I hope you all enjoyed that break, maybe had some lunch or a tea. Now on with the analysis! In the last part we covered the first two Super Smash Bros. game (and make sure you read that article before this one as we will refer back to it) and in this part, we will be covering the final three: Super Smash Bros. Brawl and Super Smash Bros. for Wii U & 3DS. We will also be doing an overall analysis and the absences as per usual so make sure you read to the very end!
Super Smash Bros. Brawl
Moving on to the Wii title, Super Smash Bros. Brawl, the Donkey Kong universe saw Jungle Japes returns from Melee in order to represent a game from the SNES Donkey Kong Country series. Along with this Donkey Kong gets two brand new stages: Rumble Falls and 75m. Both of these stages are based on completely different areas of the Donkey Kong universe. So let us start with a stage that is available from the start of Brawl: Rumble Falls.
Rumble Falls is a vertically scrolling level and the successor to Melee’s Icicle Mountain level. It involves climbing up a waterfall and into the sky where players begin jumping across vines and even a plane before water comes crashing down from the sky and the stage resets.
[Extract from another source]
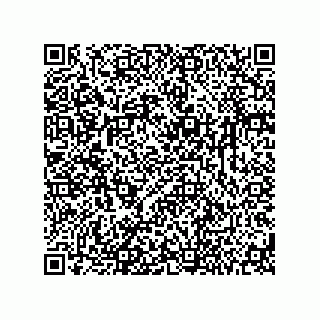 vCard 73476319192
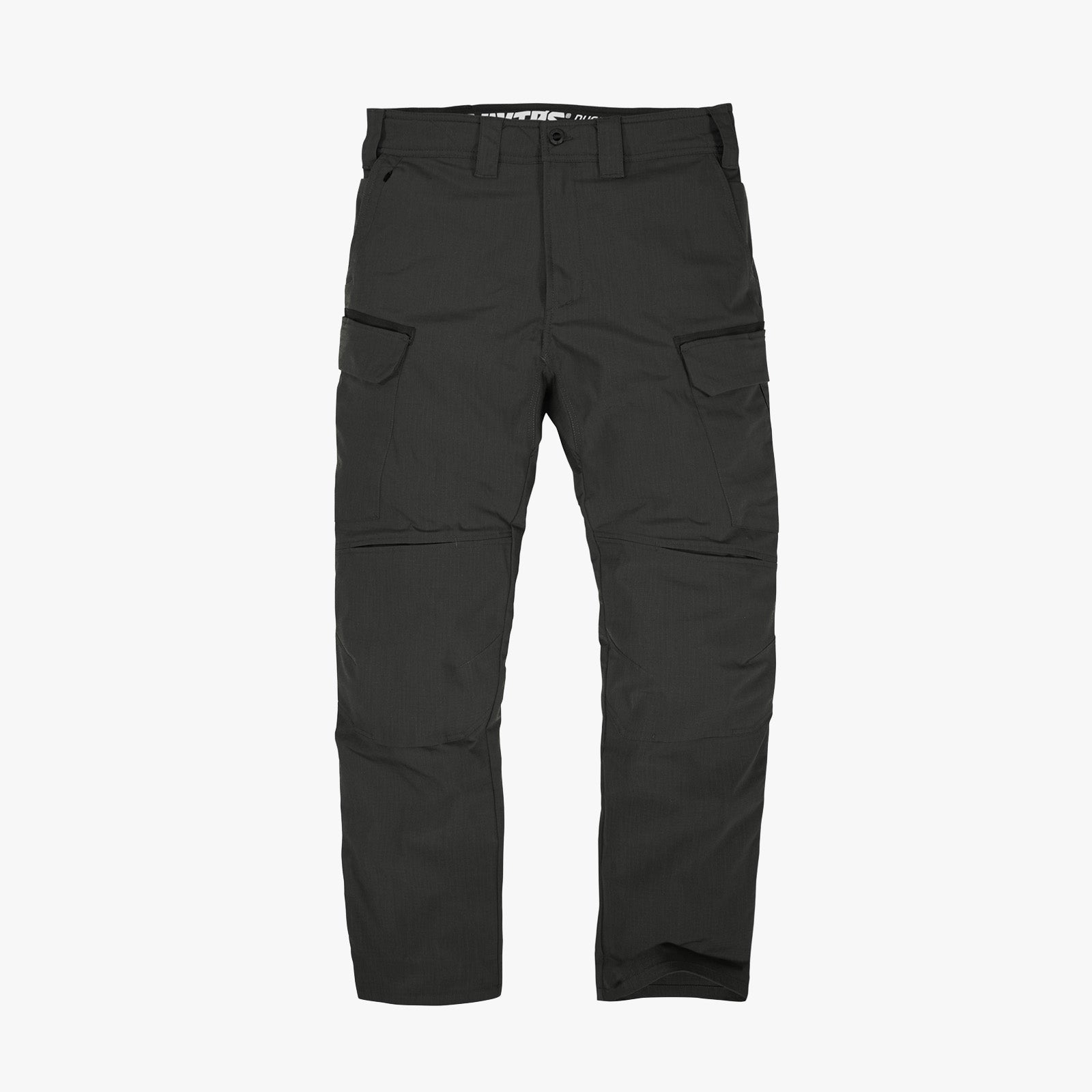 VIKTOS Dustup Pant Black Pants VIKTOS 28 30 Tactical Gear Supplier Tactical Distributors Australia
So the origin of this stage was the latest platformer in the Donkey Kong series, Donkey Kong Jungle Beat. This was the first Donkey Kong platformer made without Rare and the only one on the GameCube.
This stage is split into two halves, the waterfall, and the sky. The first half is where this stage gets its namesake from Rumble Falls, level 6-1. The stage itself involves Donkey Kong climbing up a giant waterfall so the vertical nature of the stage matches very well. Everything from the first part of this stage, from its ruins and wooden platforms, are taken from Jungle Beat. Once we hit the top of the waterfall, however, everything changes. While the backgrounds vines and platforms are taken from level 2-2: Sky Garden, everything else is taken from other parts of the series. The moving platforms were a common part of the Donkey Kong Country series and the Plane could be a reference to Funky’s Flights although it looks nothing like his plane.
Brawl introduced the My Music section which increases the amount of music that each stage has. So Rumble Falls has seven music tracks that take from various games in the series. There are tracks from the first two Donkey Kong Country games, then a single track from Jungle Beat itself and finally a track from Donkey Kong Barrel Blast on the Wii. With Jungle Japes represent the Country series it was nice to see a level represent the newer games in the series but Brawl also went one step more. In Brawl we got 75m which goes in the complete opposite direction by representing a level from the original Donkey Kong arcade game, the game that put Donkey Kong on the map.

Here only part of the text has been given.